#### Exercise
Transcribe the listing underneath, keeping each word exact and omitting the images.

#### Data excerpt
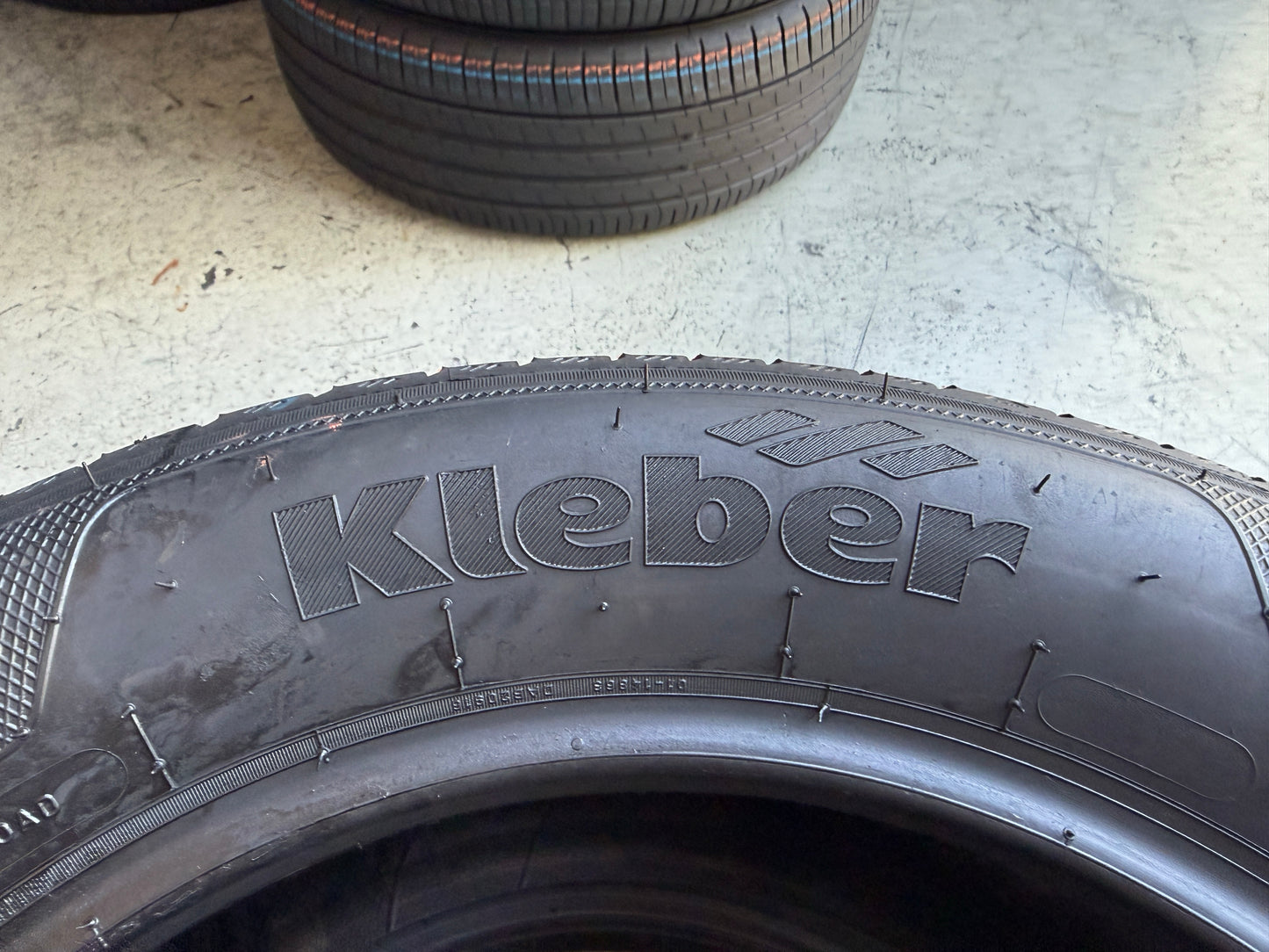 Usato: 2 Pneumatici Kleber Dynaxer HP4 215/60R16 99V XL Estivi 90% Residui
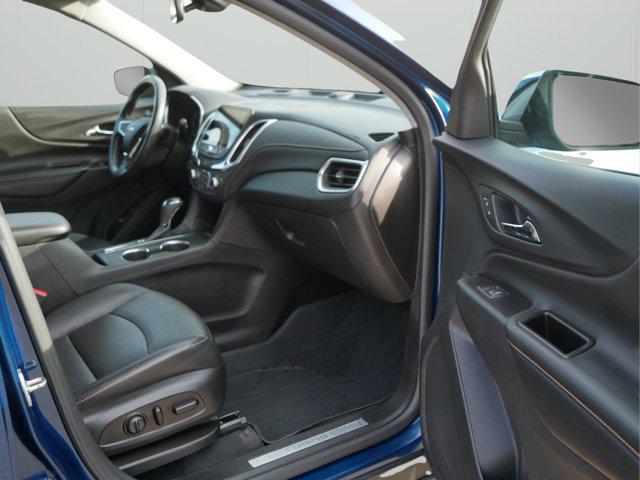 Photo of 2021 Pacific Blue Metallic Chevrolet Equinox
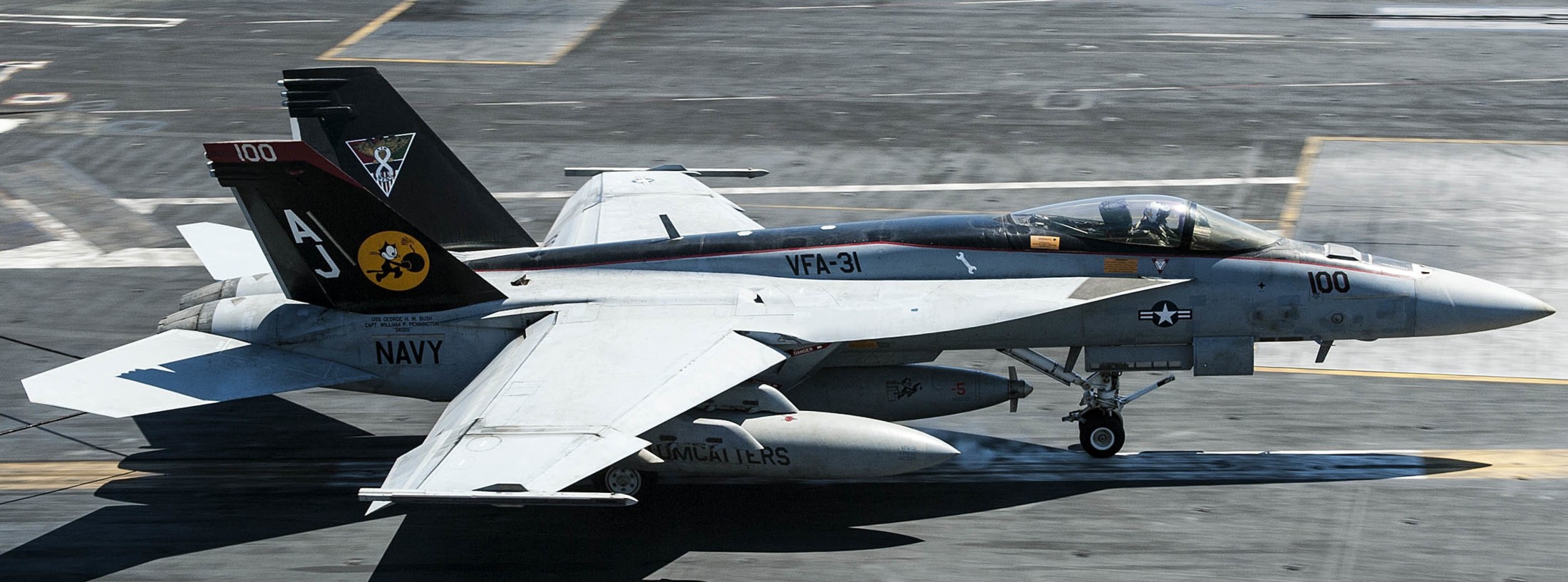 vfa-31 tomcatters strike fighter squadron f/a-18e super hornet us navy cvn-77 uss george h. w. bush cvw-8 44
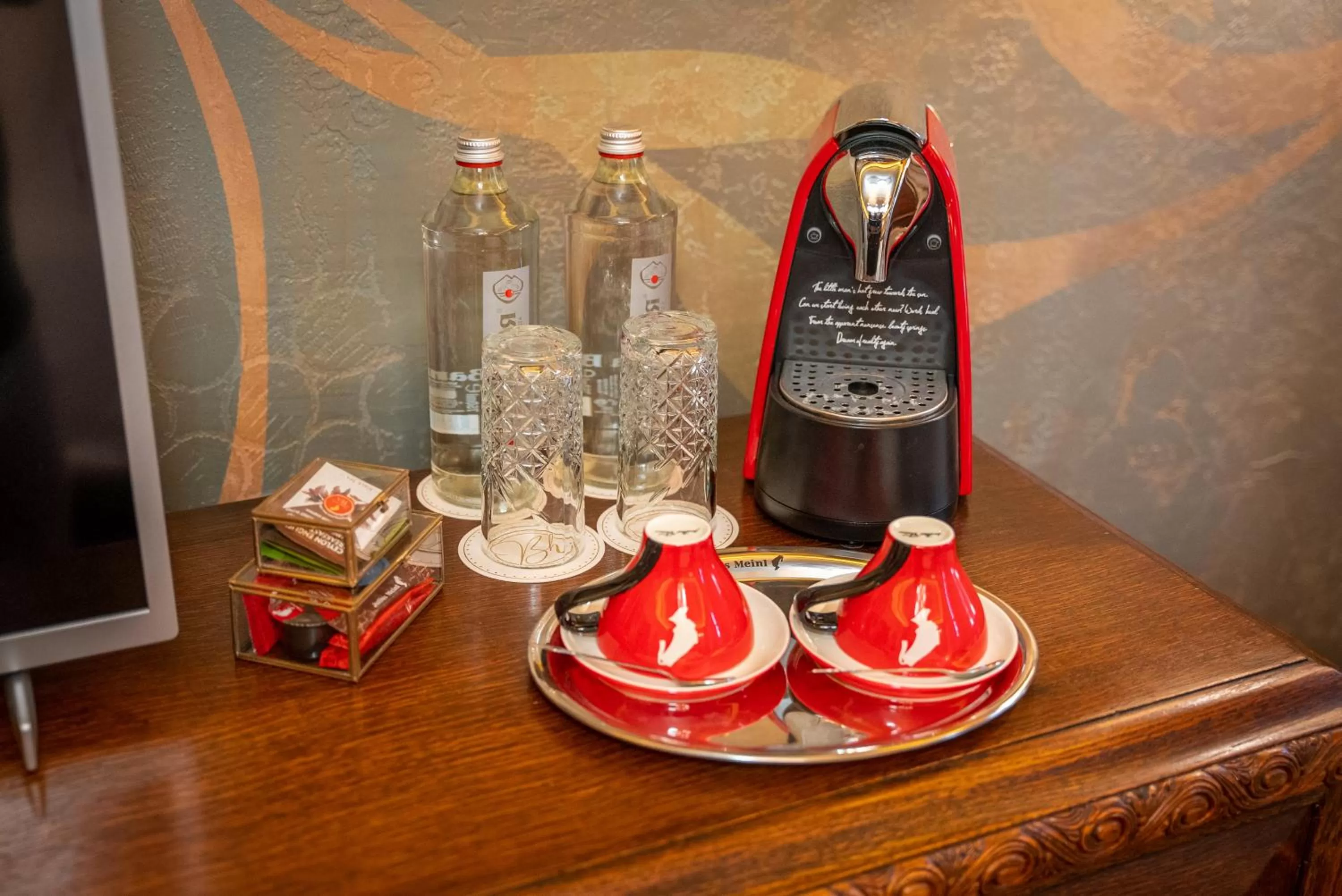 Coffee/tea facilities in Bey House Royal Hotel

#### Solution to this task
 Usato: 2 Pneumatici Kleber Dynaxer HP4 215/60R16 99V XL Estivi 90% Residui
 Photo of 2021 Pacific Blue Metallic Chevrolet Equinox
 vfa-31 tomcatters strike fighter squadron f/a-18e super hornet us navy cvn-77 uss george h. w. bush cvw-8 44
 Coffee/tea facilities in Bey House Royal Hotel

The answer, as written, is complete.